To paraphrase A Chorus Line for the Wick Theatre’s Hot Shoe Shuffle: Dance 10, Books 3.

Whenever this troupe of supremely talented terpsichoreans start tapping in precision sync, backed by a live full-throated swing band, audiences will be thrilled.

Patent-leather black shoes flash and limbs pound the boards with an enthusiasm, agility and facility that one opening night patron accurately described as glorious.

Then they open their mouths. Whether it’s the predictable plot, miserable dialogue, debatable acting chops or humor so lame it needs a walker, audiences start tapping their toes to count the minutes until the next number.
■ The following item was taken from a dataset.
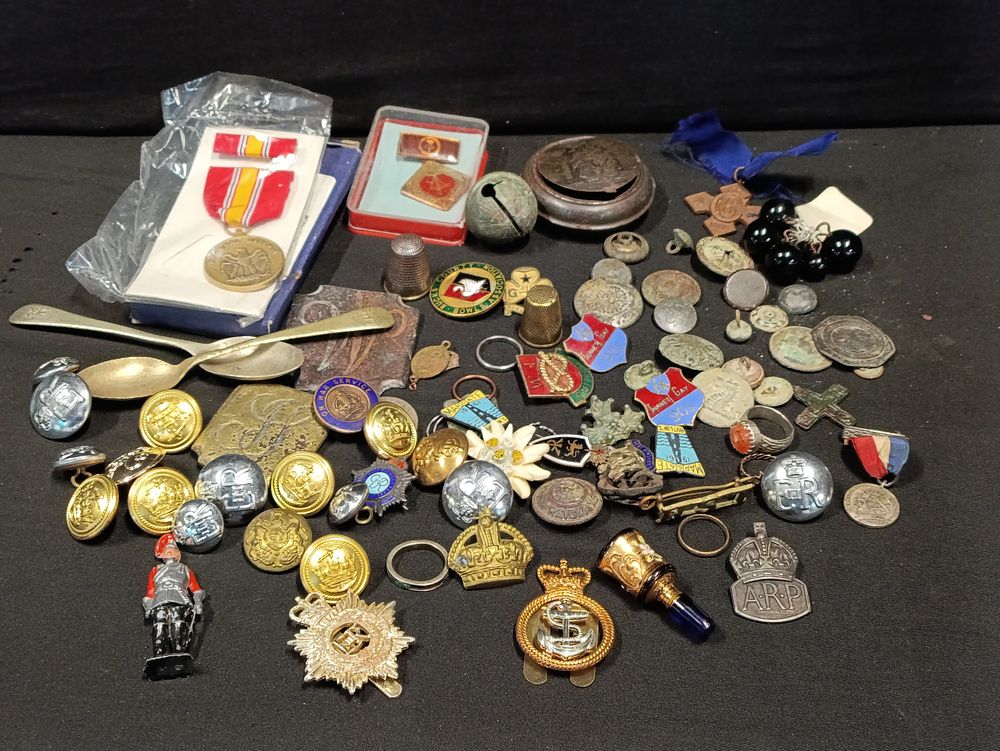 Lot 397: Large selection of antique and vintage items including...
We’re just guessing that the creators of this show had written an intentionally memes-and-tropes script meant to be a gentle lampoon-homage of kitsch and corn like Dames At Sea, 42nd Street or the actually well-constructed Crazy For You. But without that sub rosa wink at the audience missing here, no one can pull off such deathless dialogue like: “I’ve got an idea. / Ah, I thought I smelled rubber burning.”
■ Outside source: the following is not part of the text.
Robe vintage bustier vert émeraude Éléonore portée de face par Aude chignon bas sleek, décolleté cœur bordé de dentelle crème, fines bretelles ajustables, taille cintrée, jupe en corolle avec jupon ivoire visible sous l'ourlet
Hot Shoe Shuffle is an Australian musical tracking seven tap dancing brothers from Butkus, Indiana (not Bupkis?) who go to New York City to claim the inheritance from the estranged father’s estate. The will requires them to recreate their father’s old-style dance show Hot Shoe Shuffle. They dive into the daunting task along with a woman who claims to be a previously unknown sister April and their dad’s stern taskmaster pal Max.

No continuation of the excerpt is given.